Et si on pousse la provocation, combien maladies nosocomiales auraient pu être évitées si on continuait à se tuer sur les routes comme dans les années 70? (18.000 tués par an en 1972, le code de la route étant bien plus laxiste, les voitures bien plus dangereuses et bien des croisements dangereux ont été remplacés par des ronds-points dont la construction est une assurance juridique pour les élus locaux contre des chauffards fuyant leurs responsabilités.
On peut effectivement prendre la chose dans l’autre sens.
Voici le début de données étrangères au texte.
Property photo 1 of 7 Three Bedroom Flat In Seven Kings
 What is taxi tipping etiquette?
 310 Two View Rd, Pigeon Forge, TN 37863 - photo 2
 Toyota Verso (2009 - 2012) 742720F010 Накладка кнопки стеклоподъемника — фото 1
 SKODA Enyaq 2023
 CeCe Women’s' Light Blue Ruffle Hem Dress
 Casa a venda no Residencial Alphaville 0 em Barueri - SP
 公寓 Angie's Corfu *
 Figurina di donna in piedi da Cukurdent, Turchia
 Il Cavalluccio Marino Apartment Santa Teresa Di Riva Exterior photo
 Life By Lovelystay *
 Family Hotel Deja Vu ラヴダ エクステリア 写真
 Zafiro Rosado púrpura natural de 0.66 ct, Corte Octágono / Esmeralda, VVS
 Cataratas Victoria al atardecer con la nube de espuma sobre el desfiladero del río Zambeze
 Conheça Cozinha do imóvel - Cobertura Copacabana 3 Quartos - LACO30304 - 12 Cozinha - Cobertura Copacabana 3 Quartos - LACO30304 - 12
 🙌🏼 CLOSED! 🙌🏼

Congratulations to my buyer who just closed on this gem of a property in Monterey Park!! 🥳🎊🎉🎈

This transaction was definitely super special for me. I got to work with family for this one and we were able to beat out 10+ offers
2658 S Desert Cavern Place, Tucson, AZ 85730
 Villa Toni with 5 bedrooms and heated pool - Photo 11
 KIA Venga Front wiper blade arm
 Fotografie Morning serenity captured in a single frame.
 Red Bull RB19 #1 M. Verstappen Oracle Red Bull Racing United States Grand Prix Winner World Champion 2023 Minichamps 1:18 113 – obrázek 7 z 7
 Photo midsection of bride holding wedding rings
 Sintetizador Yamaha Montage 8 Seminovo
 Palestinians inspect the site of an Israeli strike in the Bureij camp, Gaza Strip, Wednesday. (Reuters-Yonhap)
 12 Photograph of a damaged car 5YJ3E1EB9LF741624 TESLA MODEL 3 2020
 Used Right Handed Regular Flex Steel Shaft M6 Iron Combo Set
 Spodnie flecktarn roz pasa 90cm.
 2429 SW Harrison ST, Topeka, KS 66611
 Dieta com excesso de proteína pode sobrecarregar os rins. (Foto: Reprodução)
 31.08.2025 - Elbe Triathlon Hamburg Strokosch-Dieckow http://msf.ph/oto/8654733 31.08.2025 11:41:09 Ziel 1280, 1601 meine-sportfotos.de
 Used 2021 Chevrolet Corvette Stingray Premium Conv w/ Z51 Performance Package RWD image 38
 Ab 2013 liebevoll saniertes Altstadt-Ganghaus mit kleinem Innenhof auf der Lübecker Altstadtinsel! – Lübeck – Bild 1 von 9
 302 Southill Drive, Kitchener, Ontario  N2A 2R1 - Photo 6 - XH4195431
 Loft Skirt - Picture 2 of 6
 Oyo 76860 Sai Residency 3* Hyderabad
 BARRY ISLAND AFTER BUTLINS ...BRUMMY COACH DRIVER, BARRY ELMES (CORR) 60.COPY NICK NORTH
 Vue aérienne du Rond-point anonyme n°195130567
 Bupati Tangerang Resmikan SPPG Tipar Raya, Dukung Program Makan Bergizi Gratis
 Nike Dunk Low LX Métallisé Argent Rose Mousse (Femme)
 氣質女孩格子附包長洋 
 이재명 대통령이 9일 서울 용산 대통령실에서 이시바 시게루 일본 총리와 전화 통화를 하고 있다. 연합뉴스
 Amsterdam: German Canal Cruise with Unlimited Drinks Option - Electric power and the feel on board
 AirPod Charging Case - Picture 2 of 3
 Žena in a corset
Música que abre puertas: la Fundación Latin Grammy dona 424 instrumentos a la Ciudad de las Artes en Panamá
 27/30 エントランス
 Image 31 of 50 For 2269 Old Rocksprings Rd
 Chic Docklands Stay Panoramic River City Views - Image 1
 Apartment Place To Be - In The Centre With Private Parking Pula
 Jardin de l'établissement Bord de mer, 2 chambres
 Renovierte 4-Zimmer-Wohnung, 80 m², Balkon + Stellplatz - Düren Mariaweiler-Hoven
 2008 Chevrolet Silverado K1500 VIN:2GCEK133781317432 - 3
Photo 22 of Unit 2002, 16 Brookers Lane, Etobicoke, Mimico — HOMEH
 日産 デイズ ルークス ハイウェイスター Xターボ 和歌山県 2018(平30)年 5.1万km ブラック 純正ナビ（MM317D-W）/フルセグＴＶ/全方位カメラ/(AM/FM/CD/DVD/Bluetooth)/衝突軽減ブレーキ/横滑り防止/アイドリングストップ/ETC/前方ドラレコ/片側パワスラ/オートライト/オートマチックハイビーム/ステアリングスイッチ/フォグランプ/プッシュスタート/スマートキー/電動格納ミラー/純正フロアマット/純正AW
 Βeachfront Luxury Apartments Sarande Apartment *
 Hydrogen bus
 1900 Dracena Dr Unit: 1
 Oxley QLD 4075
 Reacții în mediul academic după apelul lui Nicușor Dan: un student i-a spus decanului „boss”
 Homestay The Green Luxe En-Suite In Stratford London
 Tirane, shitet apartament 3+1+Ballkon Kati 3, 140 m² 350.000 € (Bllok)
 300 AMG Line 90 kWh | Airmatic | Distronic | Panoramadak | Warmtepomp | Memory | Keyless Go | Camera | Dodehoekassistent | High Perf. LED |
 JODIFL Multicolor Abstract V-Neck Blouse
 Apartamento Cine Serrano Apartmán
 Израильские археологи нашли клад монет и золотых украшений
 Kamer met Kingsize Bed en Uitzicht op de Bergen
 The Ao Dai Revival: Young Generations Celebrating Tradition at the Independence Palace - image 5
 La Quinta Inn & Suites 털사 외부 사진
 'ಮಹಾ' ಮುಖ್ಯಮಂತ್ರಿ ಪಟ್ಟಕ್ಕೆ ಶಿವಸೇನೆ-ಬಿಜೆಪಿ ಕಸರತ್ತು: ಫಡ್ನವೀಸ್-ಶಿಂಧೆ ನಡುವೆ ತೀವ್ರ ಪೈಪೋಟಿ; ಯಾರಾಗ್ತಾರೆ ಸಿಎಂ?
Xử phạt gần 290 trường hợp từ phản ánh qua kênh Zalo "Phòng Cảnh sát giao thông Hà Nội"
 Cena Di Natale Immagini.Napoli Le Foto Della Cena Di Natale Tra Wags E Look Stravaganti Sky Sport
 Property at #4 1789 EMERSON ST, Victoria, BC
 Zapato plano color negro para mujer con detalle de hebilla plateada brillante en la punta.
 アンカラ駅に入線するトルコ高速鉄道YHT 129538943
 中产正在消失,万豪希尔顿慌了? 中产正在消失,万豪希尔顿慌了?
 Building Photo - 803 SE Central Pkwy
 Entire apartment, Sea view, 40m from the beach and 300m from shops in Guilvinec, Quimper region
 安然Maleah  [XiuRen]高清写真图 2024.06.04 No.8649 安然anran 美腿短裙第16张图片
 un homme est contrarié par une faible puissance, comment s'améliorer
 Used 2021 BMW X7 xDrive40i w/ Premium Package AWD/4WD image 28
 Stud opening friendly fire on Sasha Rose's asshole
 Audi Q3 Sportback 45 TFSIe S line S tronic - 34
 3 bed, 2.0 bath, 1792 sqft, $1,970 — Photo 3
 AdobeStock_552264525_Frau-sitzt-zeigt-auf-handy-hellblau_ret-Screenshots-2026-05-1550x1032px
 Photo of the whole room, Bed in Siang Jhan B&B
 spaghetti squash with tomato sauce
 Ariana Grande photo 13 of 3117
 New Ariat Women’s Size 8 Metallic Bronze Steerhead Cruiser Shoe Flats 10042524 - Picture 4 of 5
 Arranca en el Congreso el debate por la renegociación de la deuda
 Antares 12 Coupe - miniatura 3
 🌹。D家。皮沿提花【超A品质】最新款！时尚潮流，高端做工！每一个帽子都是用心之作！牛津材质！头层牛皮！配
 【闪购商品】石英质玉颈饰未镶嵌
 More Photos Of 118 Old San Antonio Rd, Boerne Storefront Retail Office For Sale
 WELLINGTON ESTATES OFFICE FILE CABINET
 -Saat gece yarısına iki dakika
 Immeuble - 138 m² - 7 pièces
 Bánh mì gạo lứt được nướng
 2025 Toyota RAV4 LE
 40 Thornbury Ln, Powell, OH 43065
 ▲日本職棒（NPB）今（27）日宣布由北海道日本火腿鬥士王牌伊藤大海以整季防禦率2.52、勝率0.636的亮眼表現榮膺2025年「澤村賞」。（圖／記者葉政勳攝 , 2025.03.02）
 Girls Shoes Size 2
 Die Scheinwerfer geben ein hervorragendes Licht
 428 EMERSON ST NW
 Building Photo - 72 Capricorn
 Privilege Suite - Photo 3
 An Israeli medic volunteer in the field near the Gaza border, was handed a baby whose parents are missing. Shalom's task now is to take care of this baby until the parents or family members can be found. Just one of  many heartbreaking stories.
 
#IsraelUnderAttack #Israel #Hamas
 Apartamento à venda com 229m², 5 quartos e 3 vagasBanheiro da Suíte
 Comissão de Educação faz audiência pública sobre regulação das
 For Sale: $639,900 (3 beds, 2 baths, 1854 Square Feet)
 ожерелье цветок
Le problème des infections nosocomiales ne vont pas aller dans le bon sens et pas qu’en France mais aussi en Suisse où les produits désinfectants pour les plaies et pour les nettoyages d’entretien des hôpitaux se heurtent à des bactéries multi- résistantes.
Il est difficile à tirer des conclusions car on a d’un côté une population qui vieillit et de l’autre des jeunes tendant à se concentrer dans les grands centres urbains et risquant donc bien moins de s’écraser contre un platane en sortie de boite de nuit que dans les années 70/80.
Les Français ont plus de RISQUES de mourir…
Question : Ce diagnostic est-il vrai dans d’autres pays ?
Je n’ai pas la réponse mais pour les deux hôpitaux allemands que je connais il semblerait que, si ce problème existe également, son importance est bien moindre.